She went on: “Getting a grant requires that you have an exciting story to tell, that you have preliminary data, and you have published. In the rush, to be perfectly honest, to get a wonderful story out on the street in a journal, and preferably with some publicity to match, scientists can cut corners.”

What’s happening is that scientists aren’t replicating the work of others. That’s viewed as a waste of time because it’s not flashy enough to attract money. And given that oodles of funding are required to publish the reams of papers required to get promotion and tenure at a tier‐​one research university, doing that kind of work is likely to endanger your career.

“Scarce research dollars” aren’t the problem. The number of practitioners of a given science is directly proportional to how much money floods the field. There’s no scientist struggling for promotion in high‐​end academia who thinks he or she is adequately funded. Dollars, by their very nature, are scarce. That’s why money has value.

The problem, instead, is the “American model” for professional advancement, which can be stated simply: “get funded, get published or get out.”

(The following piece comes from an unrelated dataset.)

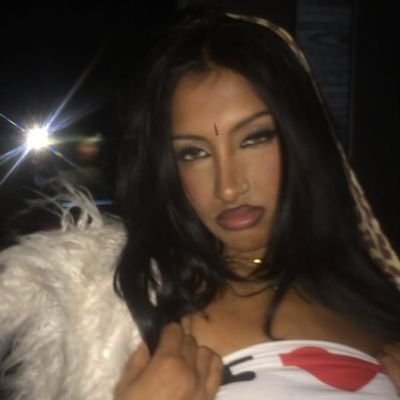 h0m3girls's profile picture. obsessed w girl groups and also very very gay  ★  she / her  ★  22 college baddie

Take my specialty, climate change. Back when I started at this, in 1976, no one wanted to be a climatologist, in no small part because there was very little funding to go around. But as global warming became a political cause, the dollar flow increased from a few million a year to a current federal outlay of $2.3 billion.

And so everyone doing anything that could be vaguely related to climate change got into the act. On came the ecologists, the plant physiologists and even the psychologists.

You can see the results in the “national assessments” of the effects of climate change that are put out every few years by the federal climate bureaucracy. The 2014 version has been heavily cited by President Obama in support of his global warming policies, despite the fact that it simply ignores the growing disparity between the government’s climate models and reality.

According to Ross McKitrick, from Canada’s University of Guelph (and a Cato Institute scholar), we are now approaching two decades without any warming.

As a wonderful example of how money dilutes science, the 2014 report also says that global warming will increase the prevalence of mental illness in our cities. Are people really saner in the winters of Washington than they are in sunny Miami? Does moving there from New York threaten your stability?

Rest assured that if this research had shown no link between climate and mental health, there would also be no renewal of the associated research grant. Negative results get neither published nor funded.

There’s strong evidence that the prevalence of bad science and “cut corners” is increasing.

University of Montreal’s Daniele Fanelli examined over 5,000 published papers from around the world, and over many disciplines. His stunning 2012 finding was titled “Negative Results are Disappearing from Most Disciplines and Countries,” and it documented a systematic increase in the frequency of “positive” findings being published.

All the incentives push science in the direction of positive results, and there is every disincentive (such as loss of funding and therefore your job) to not report when your research hypothesis isn’t borne out by the data.

Fanelli also found, in separate work, that the addition of a single American author to a multi‐​authored international paper greatly raises the probability that it will report a positive result.

All of this is tragic. In biomedicine, people suffer and die because of falsely promised cures. In climate change, we get poisonous policies emanating from absurd results generated by climate models that can’t even get the last two decades right.

And around the world, the quality of science is in decline as nations increasingly adopt our model for professional advancement.